-- Input data follows --

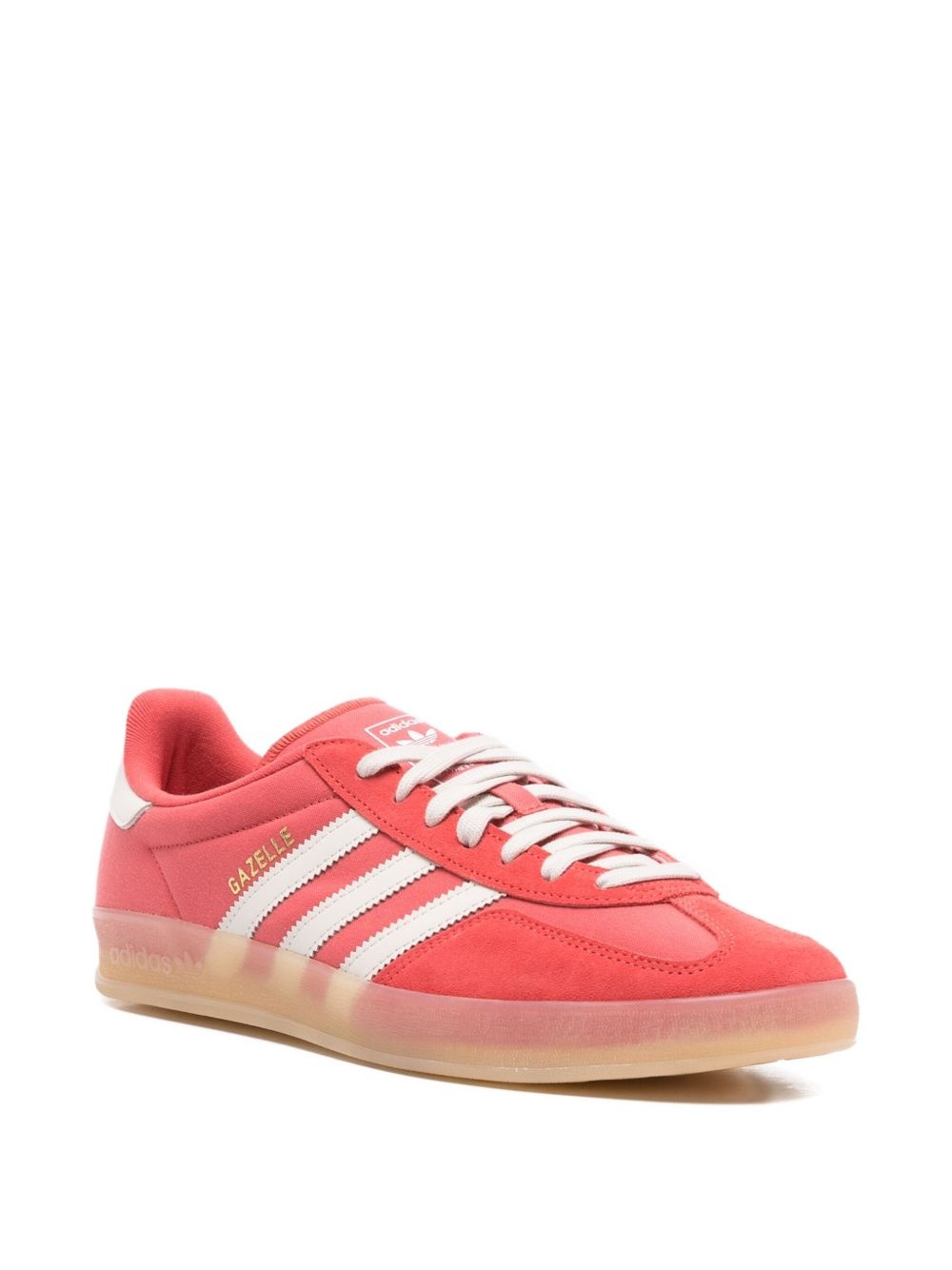 Gazelle Indoor sneakers - 2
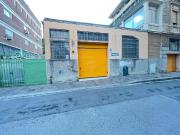 Box / Garage in vendita a Genova GE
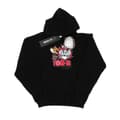 Miniatyrbilde 1 av 5: Tom And Jerry Girls Tomic Energy Hoodie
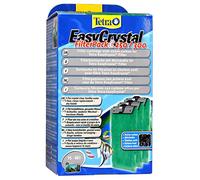 TETRA - Cartouche Pour Filtres d'Aquarium EasyCrystal 250 et EasyCrystal 300 - Pour une Eau Claire et Saine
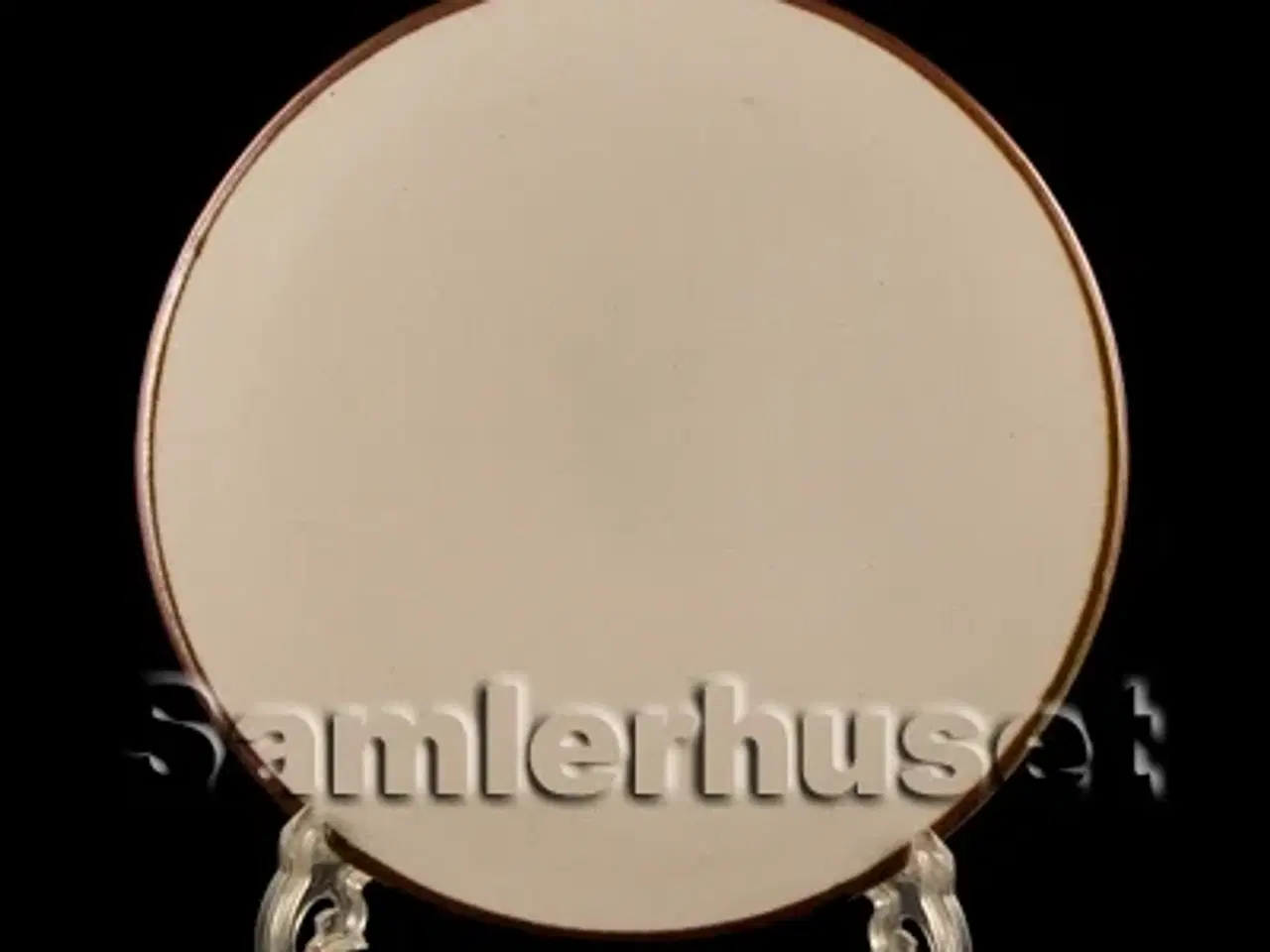 Billede 1 - Selandia Smørrebrik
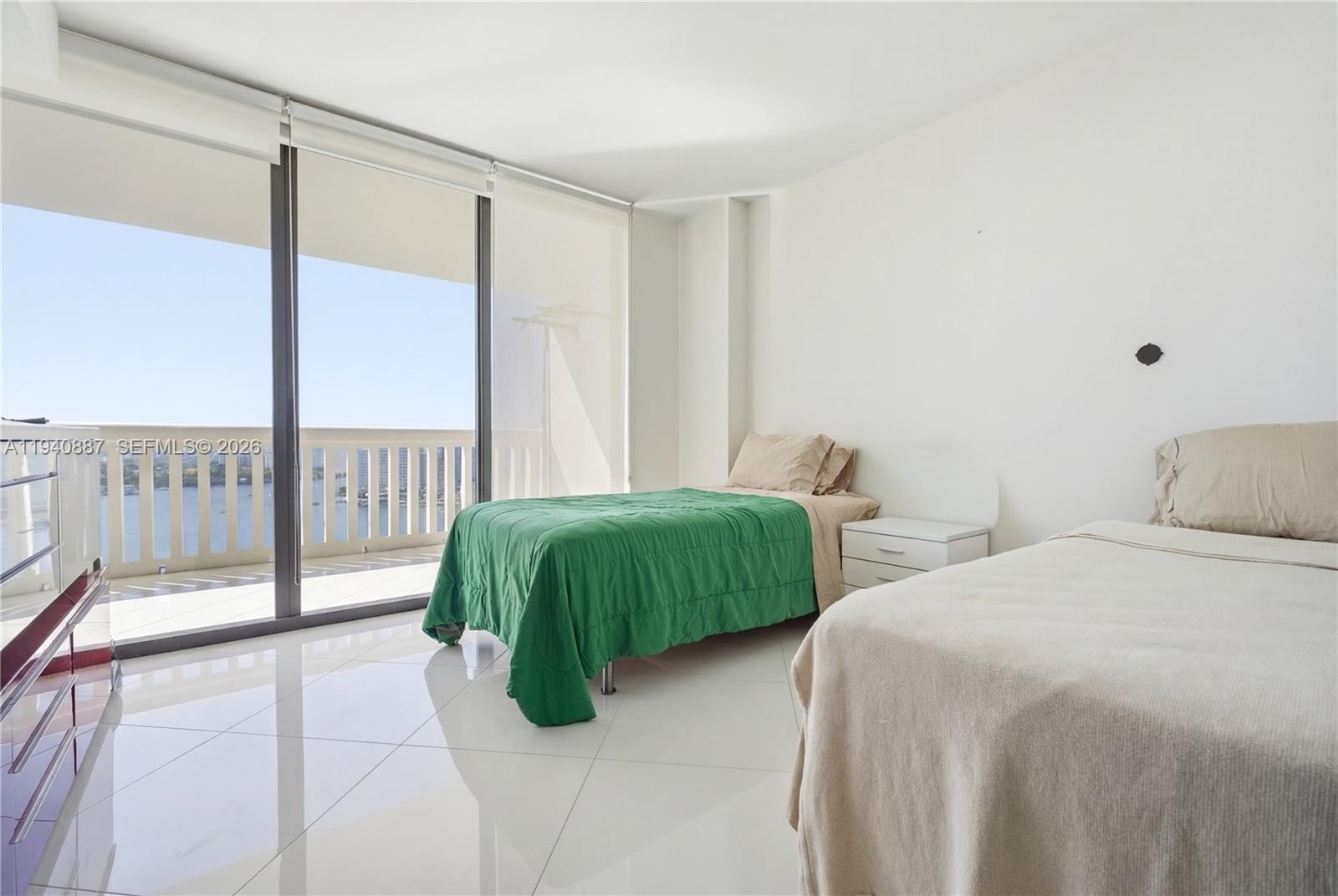 See details 2806 3 / 3 1520 sq. ft. $ 2026-01-07 0 Photo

-- Input data concluded --

| Task item |
Omit every picture while printing the data word for word.

| Response box |
 Gazelle Indoor sneakers - 2
 Box / Garage in vendita a Genova GE
 Miniatyrbilde 1 av 5: Tom And Jerry Girls Tomic Energy Hoodie
 TETRA - Cartouche Pour Filtres d'Aquarium EasyCrystal 250 et EasyCrystal 300 - Pour une Eau Claire et Saine
 Billede 1 - Selandia Smørrebrik
 See details 2806 3 / 3 1520 sq. ft. $ 2026-01-07 0 Photo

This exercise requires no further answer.